Getting with the times – Healthy Life transforms

Healthy-LifeThe health and wellness retailer, which turns 50 next year, has been around much longer than the consumer sea-change towards health-consciousness that’s catapulted its category to prominence – but retail disruption takes no prisoners.

As has been the case for many veteran retail enterprises in recent years, Healthy Life has found itself wedged between competition from up-and-coming ecommerce entrants and the major supermarkets, which have responded in-kind to the popularity of organic foods and personal care products.

But that’s all changing. In February, the turnaround experts at Allegro Funds quietly acquired a majority stake in the business from Chinese medicine manufacturer Eu Yan Sang and have since been busy positioning the company to capitalise on its laden potential.

The plan? Reposition Healthy Life as a service-driven business with new and updated stores staffed to provide “qualified” advice through workshops, seminars and consultations.

Leading the charge is a new leadership team, put together with broad-based change in mind by Allegro co-founder and now Healthy Life chairman Adrian Loader.

E-commerce expertise has been sought and found. Rolf Krecklenberg, CEO of online variety store oo.com.au, has been brought on as managing director; while Alexis Phitidis – who has spent the last three years causing headaches for Healthy Life as the CEO of ecommerce competitor Global by Nature – has been appointed COO.

Then there’s new CMO Simon Cheng, a marketing whiz who was headhunted from P&O Cruises to spearhead the revitalisation of the health brand.

The offer will see Healthy Life’s existing range of supplements, personal care and ‘super-food’ products complemented by an in-store experience centre called the Wellness Hub, already launched at a concept space in Belrose, NSW, with advice sessions on breastfeeding, gut health, sleep and menstrual cycles being offered.

Cheng says the concept will separate Healthy Life from its ecommerce competitors and its primary bricks-and-mortar competitors, but that the offer is different to the typical experience-focused store philosophy that’s been widely adopted – Healthy Life will charge for services as a core business vertical.
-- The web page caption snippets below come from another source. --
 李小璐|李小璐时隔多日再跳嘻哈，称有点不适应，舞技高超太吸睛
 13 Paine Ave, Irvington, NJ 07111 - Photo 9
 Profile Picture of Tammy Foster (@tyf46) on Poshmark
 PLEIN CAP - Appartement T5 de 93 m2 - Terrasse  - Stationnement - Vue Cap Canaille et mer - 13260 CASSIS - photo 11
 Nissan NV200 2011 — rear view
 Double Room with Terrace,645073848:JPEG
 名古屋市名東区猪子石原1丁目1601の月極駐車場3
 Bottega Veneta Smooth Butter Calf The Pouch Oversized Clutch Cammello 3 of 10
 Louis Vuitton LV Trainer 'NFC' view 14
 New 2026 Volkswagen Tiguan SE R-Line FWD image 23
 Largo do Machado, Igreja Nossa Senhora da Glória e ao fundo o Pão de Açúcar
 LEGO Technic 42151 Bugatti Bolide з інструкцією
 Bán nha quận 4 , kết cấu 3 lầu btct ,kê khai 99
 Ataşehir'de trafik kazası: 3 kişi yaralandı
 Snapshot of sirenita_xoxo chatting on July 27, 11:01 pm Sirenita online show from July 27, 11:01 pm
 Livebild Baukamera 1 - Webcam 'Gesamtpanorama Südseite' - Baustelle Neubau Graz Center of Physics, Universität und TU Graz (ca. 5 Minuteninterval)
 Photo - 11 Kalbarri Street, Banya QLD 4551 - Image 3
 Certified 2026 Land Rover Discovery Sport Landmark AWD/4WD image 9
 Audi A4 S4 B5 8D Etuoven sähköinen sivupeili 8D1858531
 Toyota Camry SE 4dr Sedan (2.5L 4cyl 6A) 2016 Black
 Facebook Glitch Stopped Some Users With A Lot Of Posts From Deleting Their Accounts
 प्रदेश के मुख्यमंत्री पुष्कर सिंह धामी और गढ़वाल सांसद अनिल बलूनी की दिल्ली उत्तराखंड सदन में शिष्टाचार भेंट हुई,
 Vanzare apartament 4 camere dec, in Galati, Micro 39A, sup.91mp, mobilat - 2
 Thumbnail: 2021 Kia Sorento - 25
“The health retail experience is still stuck in the ‘80s, it’s one of the only retail experiences that hasn’t really evolved over the last decade,” Cheng tells Inside Retail Weekly.

“[Transforming] the store experience into more of a health and wellness offer rather than just selling product in stores…that’s the opportunity.”

Moving away from the halo effect

With the company’s internal market research pegging a market size of $4.7 billion, nearly double that of three years ago, there’s certainly room to grow. Healthy Life is slated to open 60 stores in the next few years and will set about refurbishing its existing network over the next 24-months with the lessons it’s learning from the wellness concept.

Cheng believes Healthy Life’s 300 staff, two-thirds of whom have or are studying a tertiary qualification in a health-related field, will make the difference in its quest for expansion – enabling the business to position itself as a legitimate health advice option with customers.

The new offer should also fit in well with how retail landlords are positioning centres around the country. As recent JLL research noted, there’s ample room for services distinct from retail in the future-proofing being undertaken by centre managers.

“Centre managers and landlords have been evolving to provide that range of services that you’d typically find in a town centre, so they’re generally complementary uses because a lot of these services are used at the same time as shoppers are going to do their weekly shops,” says JLL’s director of strategic consulting & research, David Snoswell.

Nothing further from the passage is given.